Monday 27 July 2015

Fako High Court Fines Tiko DO For Ignoring Lawyers’ Summons


/By Macdonald Ayang Okumb/
Barrister Ashu Samuel: The Man The Tiko DO Padlocked

     A Judge at the Fako High Court in Buea, Justice Otto Esseme Ngame, last Thursday awarded court cost of FCFA 150,000 to the Divisional Officer, DO, of Tiko Sub-division, Patrick Che Ngwashi for failing to enter appearance for an originating summons after being duly served.
     The case that opened that Thursday is pitting the Tiko DO, two police officers by name Alfred Nformi Wepnje (Tiko Police Commissioner) and Elvis Osong as well as the State of Cameroon (represented by the ministry of territorial administration and decentralisation) against three plaintiffs namely, Barristers Samuel Ashu Bisong, Eric Forsack Forteck and the Fako Lawyers’ Association, FAKLA represented by its president Barrister Felix Nkongho Agbor-Balla.
     It all began on Monday 18 May 2015 when the DO padlocked Barristers Samuel Ashu and Eric Forsack in their Tiko chambers for more than one hour on grounds that the chambers was open during a Keep-Tiko-Clean campaign that day.
     The lawyers’ anger is that by doing so, the DO acted ultra vires and that it was not the first time he was acting as such towards Lawyers. He had once also orchestrated the detention of Late Barrister Innocent Bonu and Benjamin Enow Agbor three years ago.

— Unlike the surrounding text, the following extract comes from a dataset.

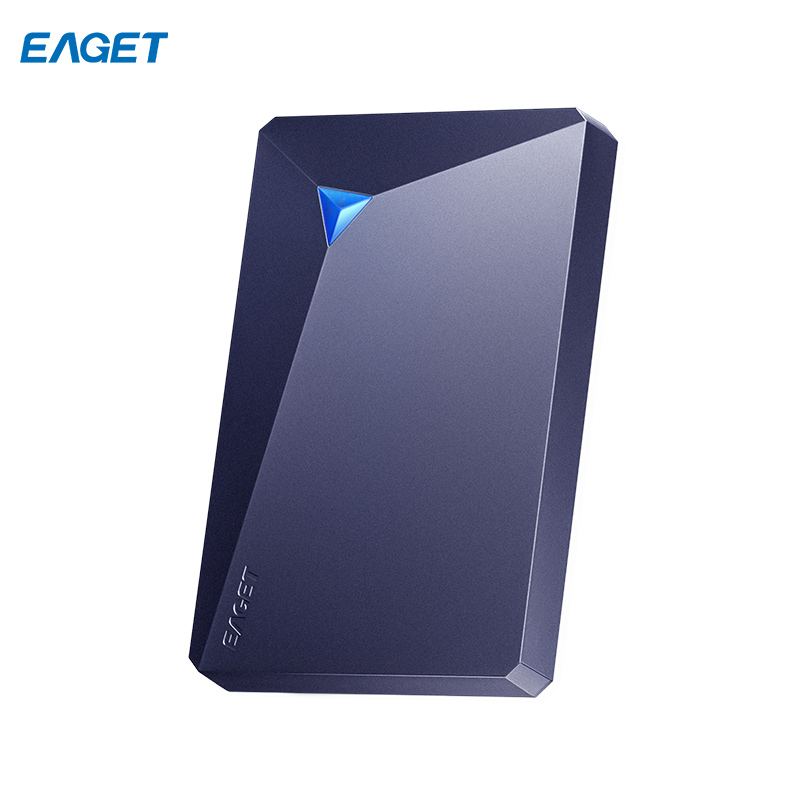忆捷 EAGET G100-2T 移动硬盘USB3.0接口2.5英寸移动机械硬盘写入100M/S以上 时尚款 计价单位:个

     The lawyers’ attempt to cause the DO apologise for his action met with a stone wall; reason why they dragged him to court.

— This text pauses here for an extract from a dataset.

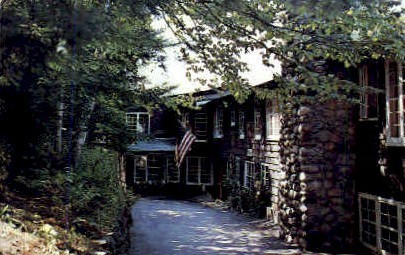 Bonnie Oaks Camp - Fairlee, Vermont VT Postcard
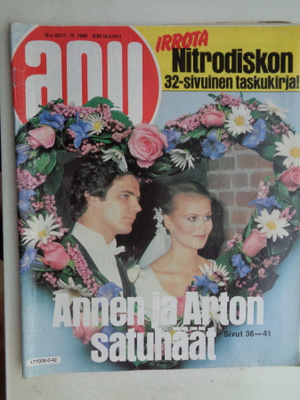 Apu lehti Nro 42/1980 (25.2)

“We want the court to determine whether any person, group of persons or administrative officers who detains any citizen in a confined place without a warrant duly issued by a judicial officer can be said and held to have violated the human rights of that citizen...whether any person who enters the premises of a citizen without a warrant or without the authority of that citizen can be termed to have trespassed on the citizen’s property...whether any person not acting by the strength of a judicial instrument or acting under the fiscal law can legally pretend to seal the business premises of any citizen and in any case do so without drawing up a report and minutes of the exercise” Barrister Enow Agbor stated.
     The Tiko DO, who has however been sued not as DO but in his individual name, was not present at the court that Thursday, neither was any legal representative of his. And no justification was tendered to the court to that effect.
     It was then that the Judge, after being solicited by the counsels for the plaintiffs to award costs to the DO worth FCFA 20 million, that he (the Judge) finally settled for FCFA 150, 000 and then adjourned the matter to Thursday 6 August for another hearing.
     The auditorium of the Fako High court was full to capacity as more than 100 lawyers and Advocates-in-training were present to support their colleagues.
     The Lead Counsel for the Plaintiffs is Barrister Benjamin Enow Agbor (who was himself once unlawfully detained by DO Patrick Che) and will be assisted in the process by more than forty lawyers, among them, prominent names like Barristers Harmony Bobga, Ikome Ngongi, Ebah Ntoko and Gladys Mbuya who’s the Vice President of the Africa chapter of the International Federation of Women Lawyers, known by the French acronym FIDA.